Haynes returned to England in September 1946, and rejoined the British Museum. His first assignment was to return the antiquities that had been safely stored away to the museum. He was made Deputy Keeper of Greek and Roman Antiquities in 1954. When Ashmole moved to the University of Oxford in 1956, Haynes was selected to replace him as Keeper of Greek and Roman Antiquities and thereby head of the Department of Greek and Roman Antiquities. Among the galleries and exhibitions that he oversaw was the re-display of the Elgin Marbles in the Duveen Gallery which opened in 1962, and the creation of an exhibition on daily life in Ancient Greece and Rome. He also supervised building work that transformed ten ground floor rooms into fourteen rooms which held a chronological display of classical art and sculpture from the Greek Bronze Age through to the Roman Empire: this exhibition opened on 3 July 1969. Among the galleries created, was one built specifically for the Bassae Frieze with the same interior dimensions as the Temple of Apollo from which they originated.

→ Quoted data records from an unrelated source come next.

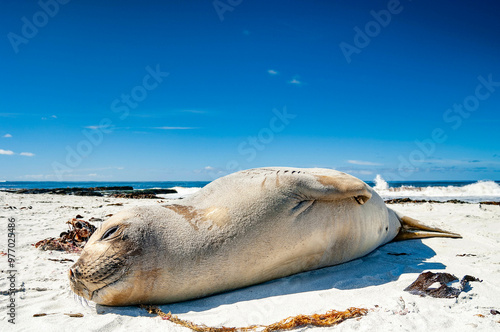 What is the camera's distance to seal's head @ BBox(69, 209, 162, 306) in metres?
2.61

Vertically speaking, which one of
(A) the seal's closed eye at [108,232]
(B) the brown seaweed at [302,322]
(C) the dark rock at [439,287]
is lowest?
(B) the brown seaweed at [302,322]

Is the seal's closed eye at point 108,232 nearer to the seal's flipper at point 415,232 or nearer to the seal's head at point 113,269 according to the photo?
the seal's head at point 113,269

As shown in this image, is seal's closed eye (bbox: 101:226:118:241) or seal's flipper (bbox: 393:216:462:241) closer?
seal's closed eye (bbox: 101:226:118:241)

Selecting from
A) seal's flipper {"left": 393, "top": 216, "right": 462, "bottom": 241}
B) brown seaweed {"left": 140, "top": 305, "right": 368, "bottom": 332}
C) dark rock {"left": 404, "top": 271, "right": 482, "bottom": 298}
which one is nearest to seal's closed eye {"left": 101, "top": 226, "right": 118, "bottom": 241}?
brown seaweed {"left": 140, "top": 305, "right": 368, "bottom": 332}

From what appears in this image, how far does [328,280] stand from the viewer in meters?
3.10

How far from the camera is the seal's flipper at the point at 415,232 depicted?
4.82 meters

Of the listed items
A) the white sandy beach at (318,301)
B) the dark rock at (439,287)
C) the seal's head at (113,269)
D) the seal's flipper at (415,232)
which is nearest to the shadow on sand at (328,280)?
the white sandy beach at (318,301)

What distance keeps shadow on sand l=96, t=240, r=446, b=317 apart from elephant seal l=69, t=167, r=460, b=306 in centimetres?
7

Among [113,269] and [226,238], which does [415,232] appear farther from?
[113,269]

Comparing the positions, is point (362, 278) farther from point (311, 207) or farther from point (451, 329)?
point (451, 329)

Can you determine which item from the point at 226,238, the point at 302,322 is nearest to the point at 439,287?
the point at 302,322

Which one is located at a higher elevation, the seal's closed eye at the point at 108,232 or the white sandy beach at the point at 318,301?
the seal's closed eye at the point at 108,232

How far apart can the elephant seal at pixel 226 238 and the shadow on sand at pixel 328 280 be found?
68 millimetres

Haynes main duties at the museum were curatorial and administrative. He did, however, have some time to continue academic pursuits. He wrote a number of books relating to various antiquities in his department, usually linked in with new exhibitions, and also had a number of papers published in learned journal. From 1972 to 1973, he was Geddes-Harrower Professor of Greek Art and Archaeology at the University of Aberdeen: this required the delivery of a lecture series which was later published as Greek Art and the Idea of Freedom. He also served as Chairman of the Society for Libyan Studies from 1973 to 1975.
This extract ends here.